Я всегда вспоминаю добрым словом этих людей, моих наставников в пехотном училище, так же, как и своего инструктора Ростовщикова, командира летного отряда Иванова и даже нелюбимого нами в ту пору сержанта Ахонина, который, как бы там ни было, обучал нас основам основ армейской жизни — строевой солдатской премудрости…
Командир роты старший лейтенант Пожидаев Иван Денисович. Величественная осанка, широкие, развернутые плечи выдавали в нем незаурядного спортсмена, каким он и был на самом деле. Красивое лицо с тонкими, девичьими чертами. Безукоризненно сидящие на нем гимнастерка и галифе, точно сшитые на заказ лучшим портным города Харькова. Меня всегда удивляло, как это можно в обычном хлопчатобумажном обмундировании выглядеть франтом. Изящные манеры показывали, что он из интеллигентной семьи. Речь богатая, образная. После ужина в опустевшей столовой командир роты садился за пианино. Играл он великолепно. Популярные мелодии военных песен, классику: «Музыкальный момент» Шуберта, «Турецкий марш» Моцарта, «Ноябрь» Чайковского. Но если кто-нибудь заглядывал в двери, поспешно закрывал крышку инструмента. Должно быть, смущался или просто не хотел в наших глазах казаться слишком сентиментальным. Стрельба минометной батареи с закрытых позиций по немецкой пехоте и Бетховен в ту пору увязывались между собою и в самом деле плохо.

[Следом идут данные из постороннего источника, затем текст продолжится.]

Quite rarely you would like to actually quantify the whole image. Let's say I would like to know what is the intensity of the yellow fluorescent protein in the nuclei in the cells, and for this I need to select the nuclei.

Лейтенант Тимофеенко Василий Петрович. Наверное, ровесник Пожидаева — лет двадцати пяти. Вместе с ним закончил Харьковское пехотное еще до войны. Приехал туда учиться из сумской деревни. Говорил с заметным украинским акцентом. Невысокий, коренастый, обладал большой физической силой. Требовательный, но справедливый. Прекрасно знал стрелковое дело, воинские уставы. Объяснял и показывал просто, доходчиво. Очень переживал, если у кого-нибудь из нас что-то не получалось на тактических занятиях, на плацу или на стрельбище. Взвод, которым он командовал, был лучшим в нашей роте.

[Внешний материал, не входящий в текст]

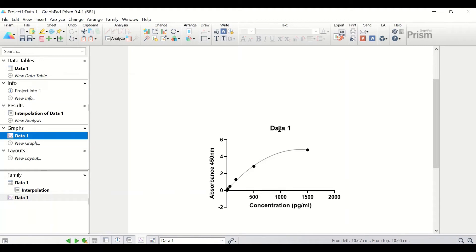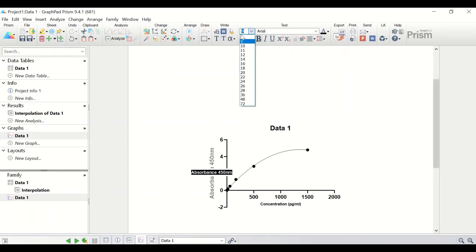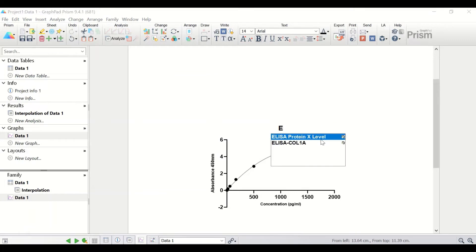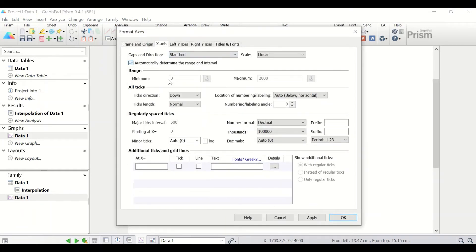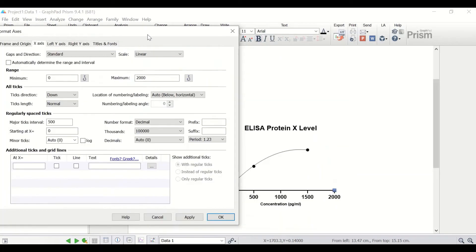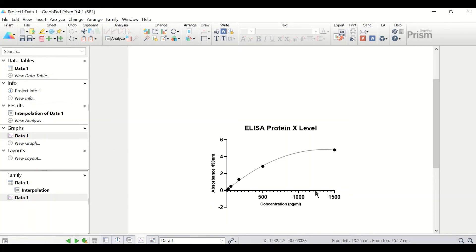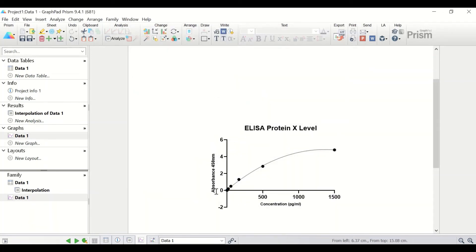Now I'll do some editing: changing the font for the x-axis and y-axis labels, and giving the graph a title such as 'ELISA Protein X Level.' I'll also adjust the x-axis range by clicking on it, unticking 'Automatically determine the range and interval,' and changing the maximum to 1,500. I'll also edit the x-axis minor tick settings.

Сержант Александровский Анатолий Ильич. Так же, как и помкомвзвода Чепурнов, как другие отделенные командиры — Верзунов, Чебаков и Булавин, отслужил срочную службу еще до войны, окончил полковую школу и с двумя треугольниками в петлицах был уволен в запас. Мобилизован в первые дни войны. Лет тридцати пяти. Совсем не воинского вида. Невысокий, сутуловатый, с брюшком. Шинель все время вылезала из-под ремня спереди и сзади. На широком, скуластом лице пуговкой сидел приплюснутый, монгольский носик. Был стеснителен и немногословен. Приказы сверху исполнял точно и строго, но от себя тягот курсантам не добавлял, зря не гонял, не устраивал разносов, дополнительных строевых упражнений в свободный час, чем выгодно отличался от других командиров отделений. Постепенно между нами установилась если не дружба, то, во всяком случае, доверие и взаимопонимание. Тогда-то мы узнали, что Александровский, с виду казавшийся человеком неотесанным, заурядным, до войны был артистом драматического театра в соседнем городе Андижане. Был женат на актрисе того же театра и теперь, оставив свою Нину дома, ревновал ее неизвестно к кому. Таким он и стоит у меня перед глазами: тихий, задумчивый, постоянно тоскующий по своей жене, боящийся измены, к тому же втемяшивший себе в голову, что его обязательно убьют. Об этом мы слышали от него не раз, удивляясь владевшим им предчувствием обреченности.